Most of the town’s nearly fifty thousand residents subsist on small-scale farming and charcoal production. Charcoal is the preferred method of cooking in Haiti, even where there is electricity. Its production requires the cutting down and burning of trees, and it’s one of the main reasons that Haiti is so badly deforested.

Boucan-Carré is where the Haiti Outreach Program has, to date, focused most of its efforts. The first medical mission arrived in 2000 with the goal of treating sick and malnourished school children, many of whom were unable to make the two- to three-hour trek required for them to get to class each day. HOP opened its first clinic in early 2001, enabling a nurse to continue this work on a permanent basis.
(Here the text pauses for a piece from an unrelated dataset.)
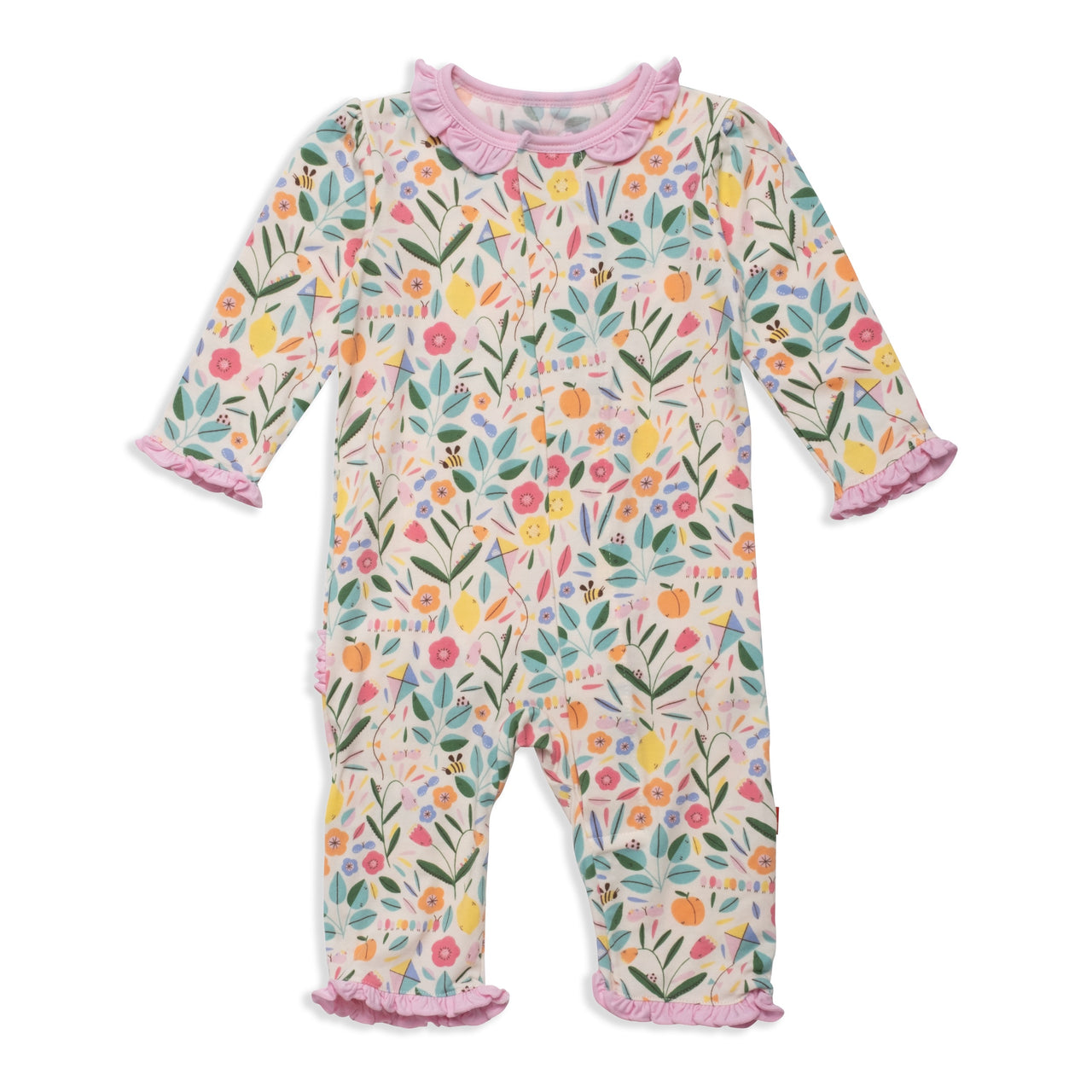 Magnetic Me Life's Peachy Modal Magnetic Coverall MS24MC36LP 5101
The lack of available health care has long been one of the biggest problems plaguing the Haitian countryside. Here, curable diseases often go untreated. In the absence of preventative measures, infectious diseases spread unabated. It’s not uncommon, in such a place, for diarrhea to be fatal. Childbirth is a gamble. Poor people in remote locations who wish to seek out emergency health care often must do so on the back of a donkey, traversing nearly impassable roads.

Paul Farmer’s Partners in Health has been at the forefront of efforts to provide effective, accessible health care in Haiti. In its earliest manifestation, PIH focused on HIV/AIDS in rural Haiti, but the last two decades have seen a vast expansion in the group’s mission, particularly at the Zanmi Lasante medical complex in Cange, not far from Boucan-Carré.
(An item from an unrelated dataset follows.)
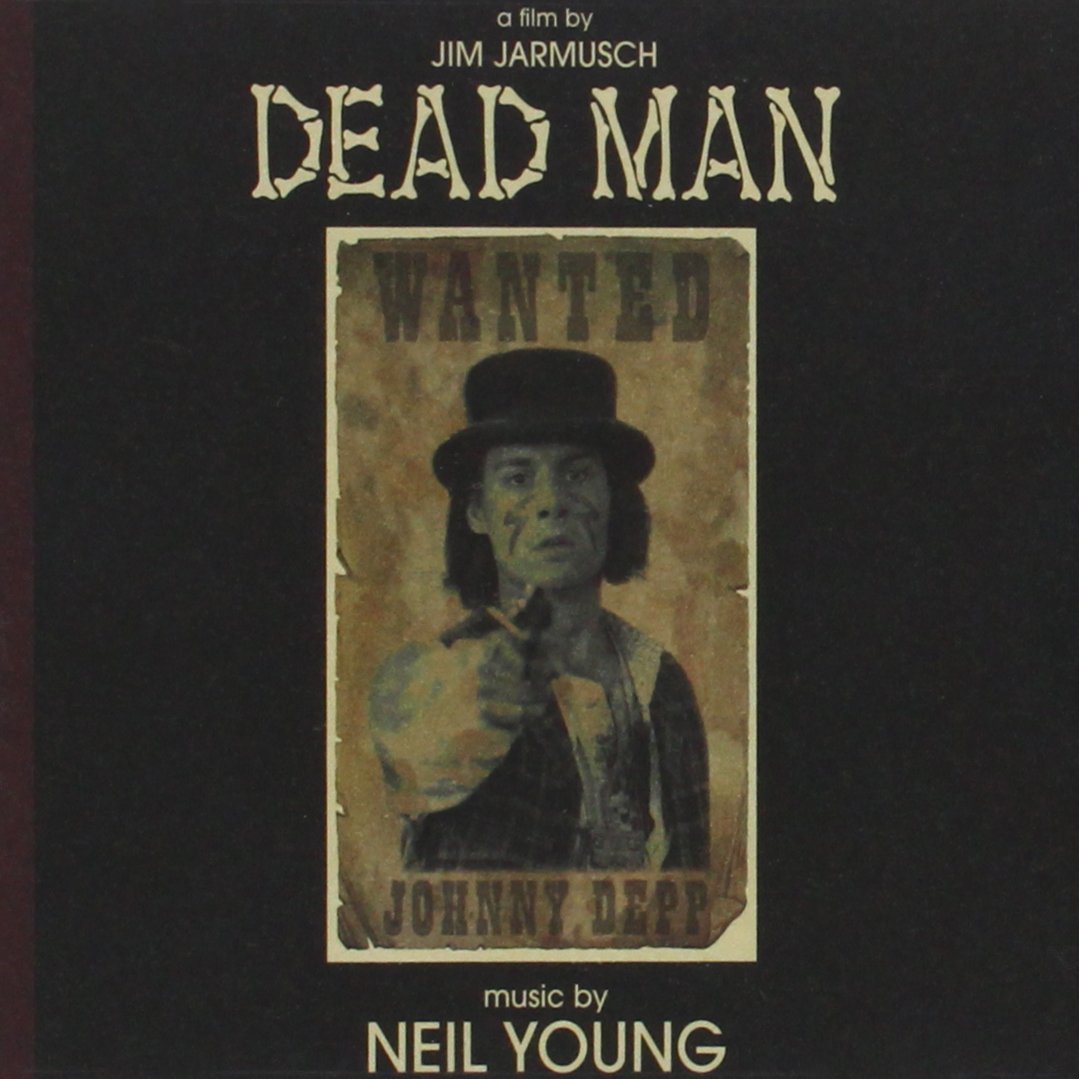 Dead Man 0093624617129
Soon after opening the Boucan-Carré clinic in 2001, the Haiti Outreach Program teamed up with Partners in Health, sharing expenses for staff, supplies, and various medical programs. Then, in 2004, they moved the clinic to a new location, adding a lab, radiology equipment, and an operating room. PIH also maintains AIDS and cholera clinics there. Adjacent to the hospital, and built the same year, is the Fonkoze microfinance bank, which provides small loans and financial services to the poorest of the poor.

In 2005, having made great strides in improving student health, HOP moved on to tackling the dilapidated school facilities in Boucan-Carré. The first project, undertaken with church partners in Missouri and Virginia, was expanding the town’s existing single-story primary school with a two-floor addition. The school now serves fifteen hundred students from as far as four miles away.
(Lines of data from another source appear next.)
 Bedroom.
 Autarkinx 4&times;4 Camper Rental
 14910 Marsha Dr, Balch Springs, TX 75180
Just down the road from the primary school is the high school, currently under construction. This collaboration between HOP and several corporate and church sponsors is set to be finished in time for the start of the school year next fall. The high school has room for six hundred students. Around three hundred of them are now housed at several temporary locations in town, including the chapel and a derelict concrete structure adjacent to the church rectory. Once it’s no longer needed as a temporary school, that building will be torn down to its foundation. HOP has already drawn up blueprints for converting the space into a two-story building that will contain a restaurant and a cyber café on the first floor and guest quarters on the second—the only accommodations in a town that is becoming a hub for NGOs. The hope is that these businesses will be focal points around which to build a stronger local economy.

As I look around, peering into classrooms and examining future building sites, I can’t help feeling as though these efforts really are adding up to something meaningful, that at least in this small town, help is making a difference.

§


As in Port-au-Prince, the roosters and dogs wake us early the next morning. I’m up a little before six, grateful for what little sleep I manage to get.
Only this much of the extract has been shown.